-
Bug
-
Resolution: Not a Bug
-
Normal
-
None
-
4.16.0
-
+
-
Important
-
No
-
False
-
Description of problem:
OCP cannot deploy workers because machine-controller is resolving the OSP domain to a wrong IP:
[stack@undercloud-0 ~]$ oc -c machine-controller logs machine-api-controllers-869dfb489f-cj46t [...] E0701 11:38:38.094182 1 controller.go:329] "msg"="Reconciler error" "error"="failed to get InstanceService: Failed to authenticate provider client: Get \"https://overcloud.redhat.local:13000/\": dial tcp 13.248.169.48:13000: connect: connection timed out" "MachineSet"={"name":"ostest-jl84g-worker-0","namespace":"openshift-machine-api"} "controller"="machineset" "controllerGroup"="machine.openshift.io" "controllerKind"="MachineSet" "name"="ostest-jl84g-worker-0" "namespace"="openshift-machine-api" "reconcileID"="02fe9c4b-5206-4b42-971a-b2c02efa22d6"
as a consequence, no workers are deployed.

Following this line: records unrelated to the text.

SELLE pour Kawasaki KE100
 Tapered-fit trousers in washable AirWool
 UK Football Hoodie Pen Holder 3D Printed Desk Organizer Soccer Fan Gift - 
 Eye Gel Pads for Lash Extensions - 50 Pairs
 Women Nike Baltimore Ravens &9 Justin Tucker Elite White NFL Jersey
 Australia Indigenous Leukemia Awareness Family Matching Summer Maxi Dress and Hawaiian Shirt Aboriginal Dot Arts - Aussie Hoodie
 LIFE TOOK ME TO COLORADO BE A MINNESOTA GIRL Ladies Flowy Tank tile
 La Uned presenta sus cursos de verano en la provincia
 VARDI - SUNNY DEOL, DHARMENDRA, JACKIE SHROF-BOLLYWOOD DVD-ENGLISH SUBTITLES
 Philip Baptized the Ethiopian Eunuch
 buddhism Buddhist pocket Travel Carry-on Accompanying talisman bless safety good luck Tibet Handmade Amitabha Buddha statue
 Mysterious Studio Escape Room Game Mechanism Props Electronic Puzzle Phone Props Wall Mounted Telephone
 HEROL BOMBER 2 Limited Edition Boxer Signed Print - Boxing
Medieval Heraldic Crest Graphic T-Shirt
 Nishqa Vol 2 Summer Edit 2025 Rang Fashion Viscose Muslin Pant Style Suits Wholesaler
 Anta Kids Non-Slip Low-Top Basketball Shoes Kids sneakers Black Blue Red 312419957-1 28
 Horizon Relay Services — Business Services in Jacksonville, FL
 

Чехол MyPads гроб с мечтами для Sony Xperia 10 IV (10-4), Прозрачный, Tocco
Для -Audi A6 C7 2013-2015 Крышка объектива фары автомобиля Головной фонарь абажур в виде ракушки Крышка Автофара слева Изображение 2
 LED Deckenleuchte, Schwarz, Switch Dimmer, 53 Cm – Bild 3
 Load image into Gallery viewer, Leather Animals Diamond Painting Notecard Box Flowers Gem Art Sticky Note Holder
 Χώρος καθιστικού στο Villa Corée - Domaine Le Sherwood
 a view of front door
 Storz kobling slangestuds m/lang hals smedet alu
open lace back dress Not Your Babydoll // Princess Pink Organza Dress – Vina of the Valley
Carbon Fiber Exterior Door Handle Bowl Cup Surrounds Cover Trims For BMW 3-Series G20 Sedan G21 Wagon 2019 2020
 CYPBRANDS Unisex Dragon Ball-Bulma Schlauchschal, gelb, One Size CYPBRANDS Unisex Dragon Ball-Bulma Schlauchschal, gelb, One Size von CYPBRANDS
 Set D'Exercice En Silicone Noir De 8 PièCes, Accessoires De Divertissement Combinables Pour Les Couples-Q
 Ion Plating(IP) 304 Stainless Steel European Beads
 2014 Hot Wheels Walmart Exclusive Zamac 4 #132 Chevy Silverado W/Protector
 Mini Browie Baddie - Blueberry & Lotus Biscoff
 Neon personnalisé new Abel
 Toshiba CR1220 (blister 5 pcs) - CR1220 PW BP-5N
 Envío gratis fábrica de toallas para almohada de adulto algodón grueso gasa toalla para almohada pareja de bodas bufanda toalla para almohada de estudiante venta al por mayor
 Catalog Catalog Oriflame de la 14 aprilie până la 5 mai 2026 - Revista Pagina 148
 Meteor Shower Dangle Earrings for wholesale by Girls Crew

The IP that is resolving to overcloud.redhat.local is wrong. It should not be 13.248.169.48 but 10.46.43.94
After connecting to the machine-controller pod, we observed that the wrong IP is obtained by appending the suffix "shiftstack.com" to the url:
(shiftstack) [stack@undercloud-0 ~]$ oc -c machine-controller rsh machine-api-controllers-869dfb489f-cj46t sh-5.1$ dig overcloud.redhat.local ; <<>> DiG 9.16.23-RH <<>> overcloud.redhat.local ;; global options: +cmd ;; Got answer: ;; WARNING: .local is reserved for Multicast DNS ;; You are currently testing what happens when an mDNS query is leaked to DNS ;; ->>HEADER<<- opcode: QUERY, status: NOERROR, id: 57703 ;; flags: qr aa rd ra; QUERY: 1, ANSWER: 1, AUTHORITY: 0, ADDITIONAL: 1;; OPT PSEUDOSECTION: ; EDNS: version: 0, flags:; udp: 1232 ; COOKIE: 6011641699a9d37e (echoed) ;; QUESTION SECTION: ;overcloud.redhat.local. IN A;; ANSWER SECTION: overcloud.redhat.local. 30 IN A 10.46.43.94 // <-- Correct IP ;; Query time: 59 msec ;; SERVER: 172.30.0.10#53(172.30.0.10) ;; WHEN: Mon Jul 01 11:42:25 UTC 2024 ;; MSG SIZE rcvd: 101 sh-5.1$ dig overcloud.redhat.local.shiftstack.com ; <<>> DiG 9.16.23-RH <<>> overcloud.redhat.local.shiftstack.com ;; global options: +cmd ;; Got answer: ;; ->>HEADER<<- opcode: QUERY, status: NOERROR, id: 58703 ;; flags: qr rd ra; QUERY: 1, ANSWER: 2, AUTHORITY: 0, ADDITIONAL: 1;; OPT PSEUDOSECTION: ; EDNS: version: 0, flags:; udp: 1232 ; COOKIE: fd9fd565b45a0930 (echoed) ;; QUESTION SECTION: ;overcloud.redhat.local.shiftstack.com. IN A;; ANSWER SECTION: overcloud.redhat.local.shiftstack.com. 30 IN A 76.223.54.146 overcloud.redhat.local.shiftstack.com. 30 IN A 13.248.169.48 // <-- Wrong IP ;; Query time: 4 msec ;; SERVER: 172.30.0.10#53(172.30.0.10) ;; WHEN: Mon Jul 01 11:42:33 UTC 2024 ;; MSG SIZE rcvd: 184
Version-Release number of selected component (if applicable):
4.16.0 RHOS-17.1-RHEL-9-20240516.n.1
Last time we saw it passing is with (RHOS-17.1-RHEL-9-20240516.n.1, 4.16.0-rc.5). Therefore it looks the bug was introduced at some point between 4.16.0-rc.5 and 4.16.0.
How reproducible:
Always on OSP deployed with TLS-Everywhere feature enabled. (passed_phase2 in D/S CI) Note: We are observing on TLS-E envs because in that case the OSP API is a domain that needs to be resolved. On regular SSL jobs we are using directly IPs so there is no need to resolve anything, and in that case is working fine.
Steps to Reproduce:
1. Run passed_phase2 in OSP D/S CI
Actual results:
machine-controller cannot contact the OSP API and therefore it cannot deploy workers. Cluster is not operative.
Expected results:
machine-controller can contact the OSP API and therefore deploy workers.
Additional info:
must-gather provided on private comment.